A sketch by Jacob Lifschitz titled “At a ghetto school.” The artist perished in the Holocaust. Yad Vashem Photo Archive, Jerusalem. 3380/720.

In 1939, the Nazis established the first ghetto in Poland. More than one thousand followed. Jews were forced to move into these overcrowded areas, where they experienced starvation and disease. Often, even children were required to work to earn what little food they were given. Every day in the ghetto was a fight against violence and death.

In many ghettos, Jewish youth were forbidden from going to school. This was one of many restrictions the Nazis imposed, isolating Jews and targeting their cultural institutions. But despite the risks involved and the lack of resources, Jewish organizations and individuals in the ghettos set up schools, which often operated in secret. They tried to give young people a place where they could receive an education, feel safe and forget what was going on around them.

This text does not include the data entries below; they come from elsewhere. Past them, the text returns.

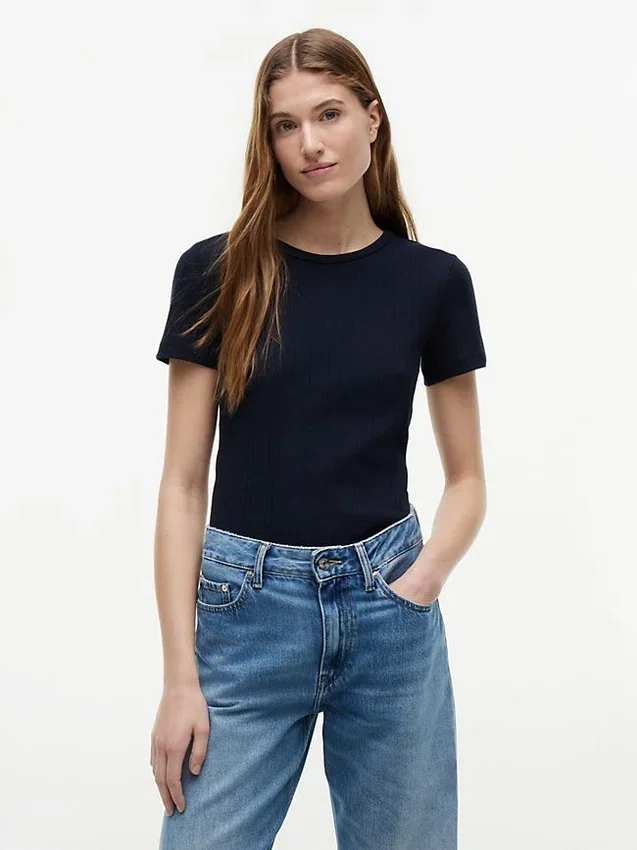 Slim Fit Pointelle Crewneck T-Shirt Slim Fit Pointelle Crewneck T-Shirt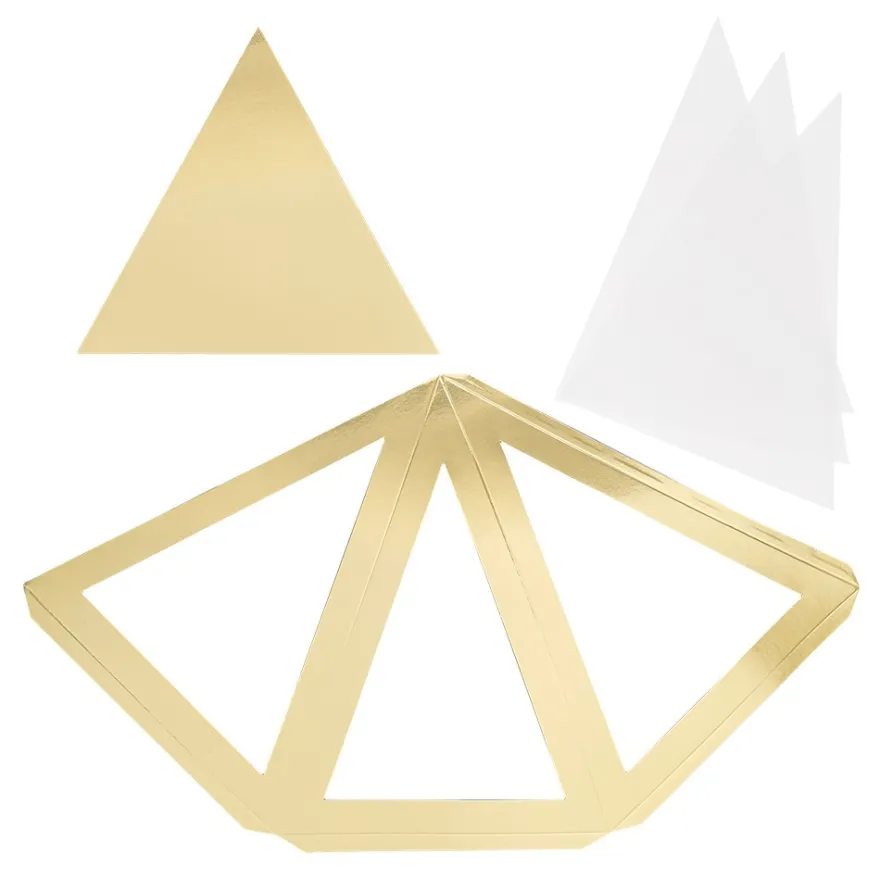 Falt-Laternen, Pyramide, 280g/m², 27,5cm x 18,5cm x 21cm, gold, 3 Stück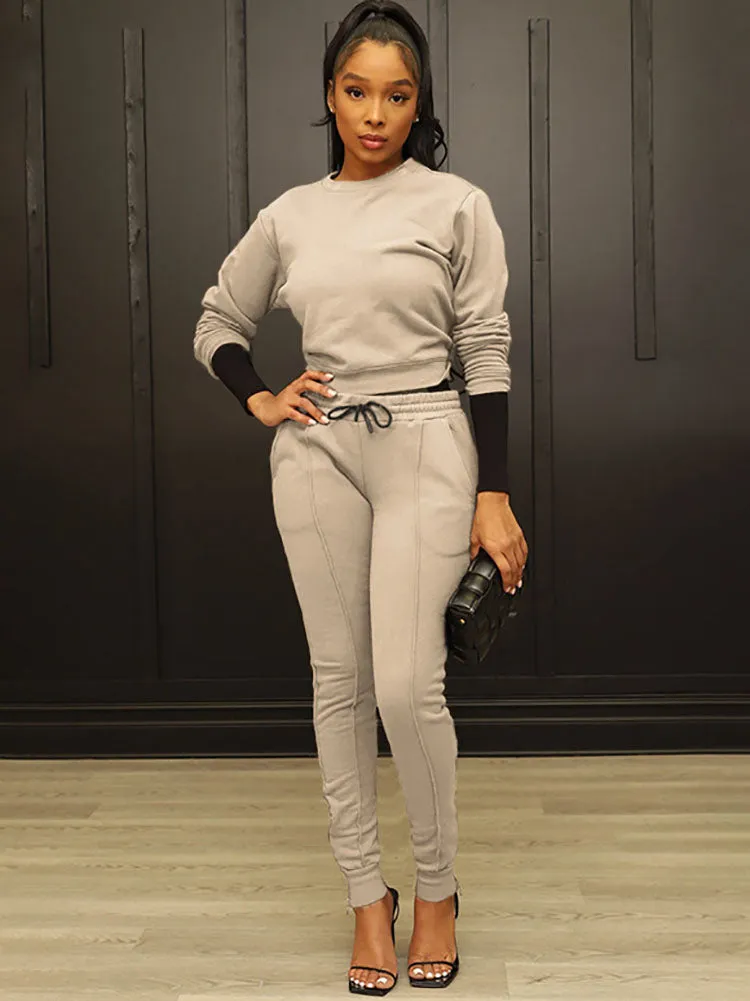 Two Piece Pullover Long Pants Sweatshirt Outfits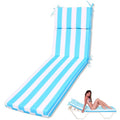 SmoothNovelty 1 Pcs Indoor Outdoor Chaise Lounge Cushions Sponge Bench Outdoor Furniture Chaise Cushions Patio Chair Furniture Replacement (Sky Blue and White Stripes)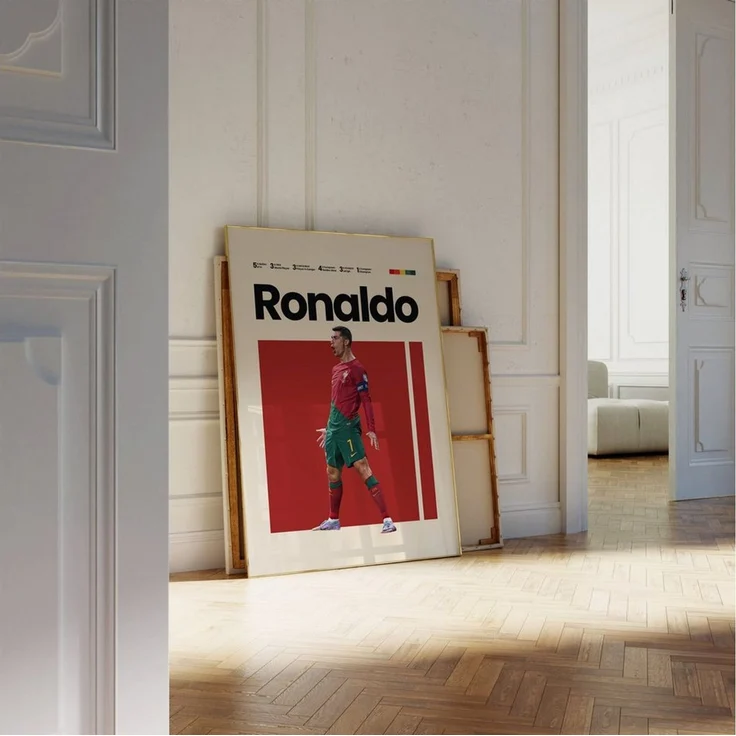 JUSTGOODMOOD Poster Mbappe Ronaldo Messi Neymar Fußball Minimalistisch Mid Century Modern, Mbappe (1 St) – Bild 3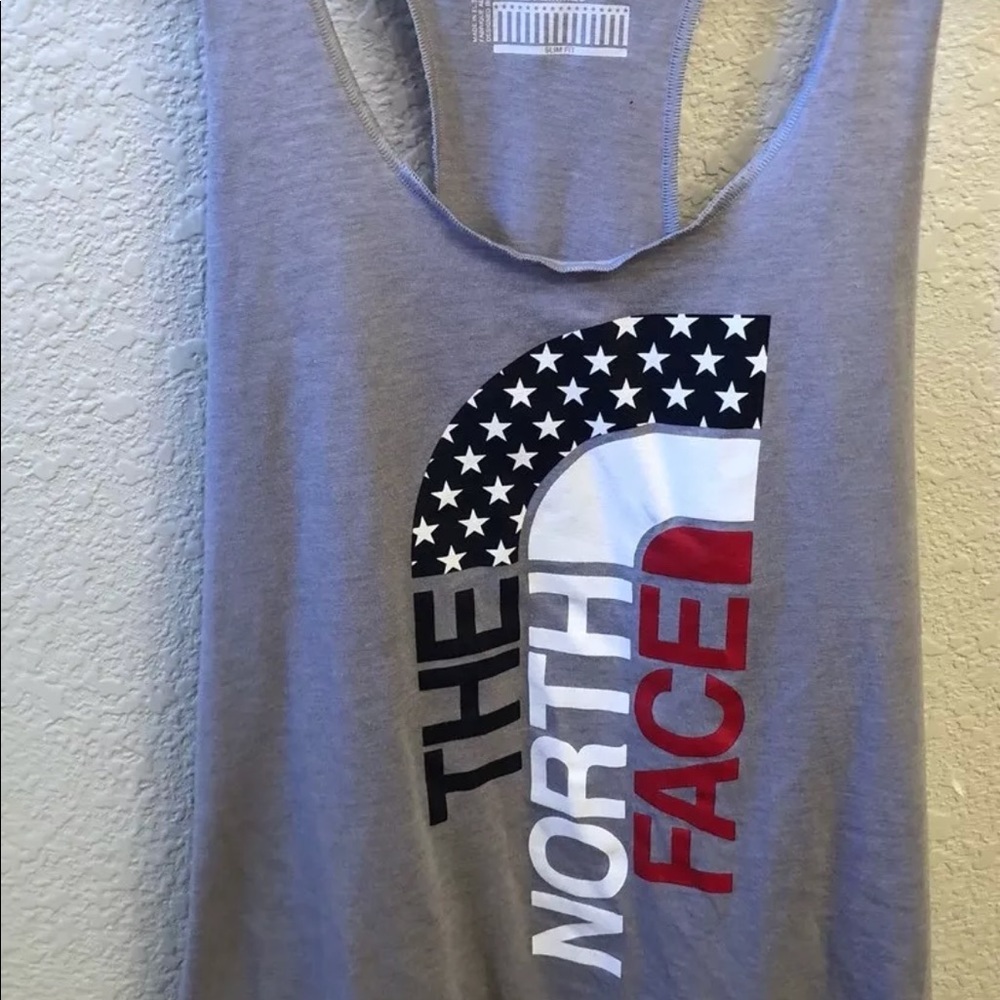 The north face red white and blue tank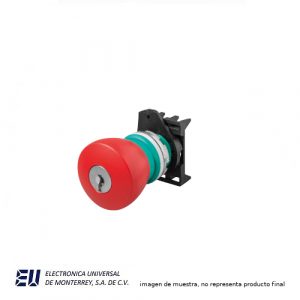 BOTON DE HONGO ROJO PLASTICO CON CON LLAVE 22MM - PPFN1C4NX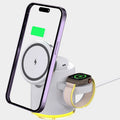 C16 multifunctional wireless charger in ivory white with folding design showing three magnetic charging areas for phone, watch, and earphones
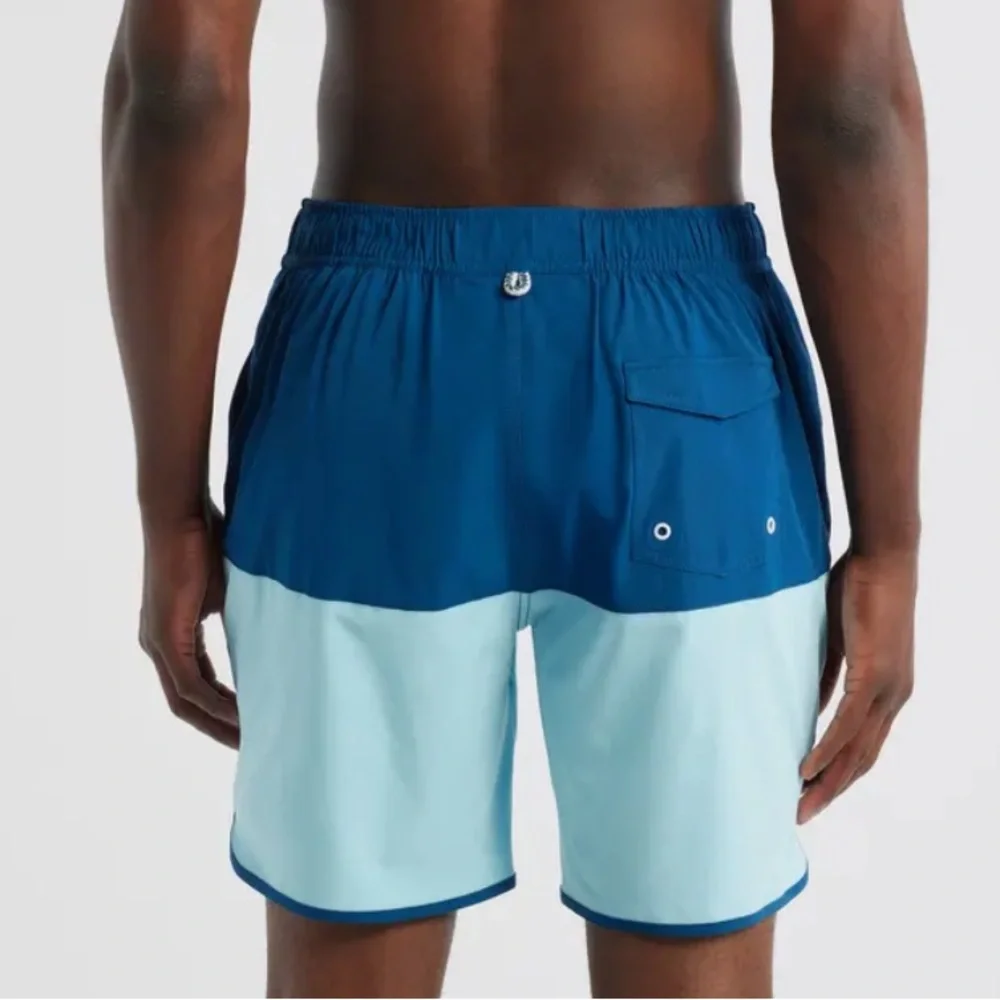 Johnnie-O Tully Monsoon Boys Sz 16 Color‎ Block Teal Lined Swim Trunks Waist Tie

What was school like in a ghetto?

Conditions in the Borszczów Ghetto

“We lived crammed together. My parents had a bed and I was sleeping on the floor, on a blanket. That was just the beginning. We were given some food rations, but it was not enough…. [M]any people were dying, some of them from hunger, particularly little kids. I was always hungry. There were epidemics of typhus and dysentery; there was never enough drinkable water….

In spite of the terrible conditions, my father insisted that I study. He found a teacher, and we went to cheder in a little room, five or six of us. When my father said I had to go, I had to go. It was non-negotiable. I was afraid. If the Nazis found us studying, they would shoot us because it wasn’t allowed. Yet, I enjoyed studying because I felt that maybe I was doing something good, something worthwhile.”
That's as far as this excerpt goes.